Entretanto, os jurados entenderam por bem recomendar à AIP a adopção de um «modelo diferente (de bienal) que contemple apenas artistas convidados pelos membros do juri, depois de este reunir e definir critérios de selecção». Talvez fosse conveniente assegurar, antes da redução a esse modelo único, o princípio do livre concurso com aplicação de algumas orientações básicas que garantissem a seriedade da fórmula. Começando pela formação de um juri prestigiado, com sentido afirmativo e eventualmente polémico, e prémios atraentes ou programa de aquisições alargado. Num sistema demasiado dependente do controle institucional, onde se identificam os papéis do crítico, do comissário e do funcionário, o concurso aberto talvez possa ainda recuperar a capacidade de pôr em questão a ordem dominante e propiciar confrontos mais saudáveis.
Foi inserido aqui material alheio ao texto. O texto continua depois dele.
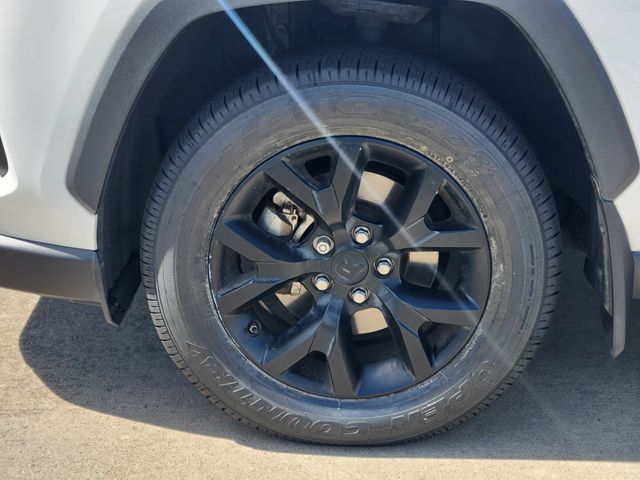 2025 Toyota RAV4 LE White at DeMontrond Auto Country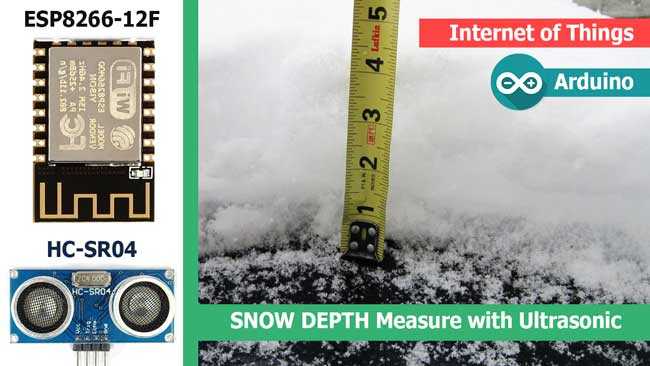 arduino-snow-depth-with-ultrasonic1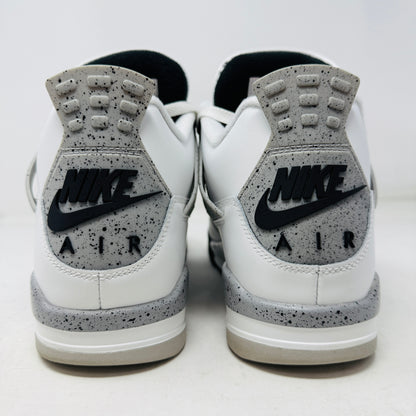Jordan 4 Retro White Cement (2025)
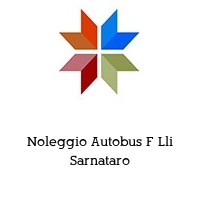 Logo Noleggio Autobus F Lli Sarnataro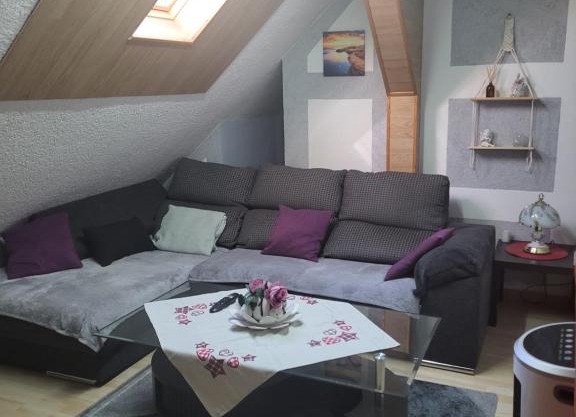 Chambres de Fabienne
Mais do que o estrangulamento da última bienal, importaria talvez dignificar e multiplicar esse tipo de iniciativas, restabelecendo, com ambições e intenções diversificadas, um leque de eventos de carácter nacional, local, mecenático e associativo — mas evitando o desproporcionado e luxuoso sobre-investimento que aqui ocorre (uns 45 mil contos de orçamento, com dez mil de subsídio ministerial).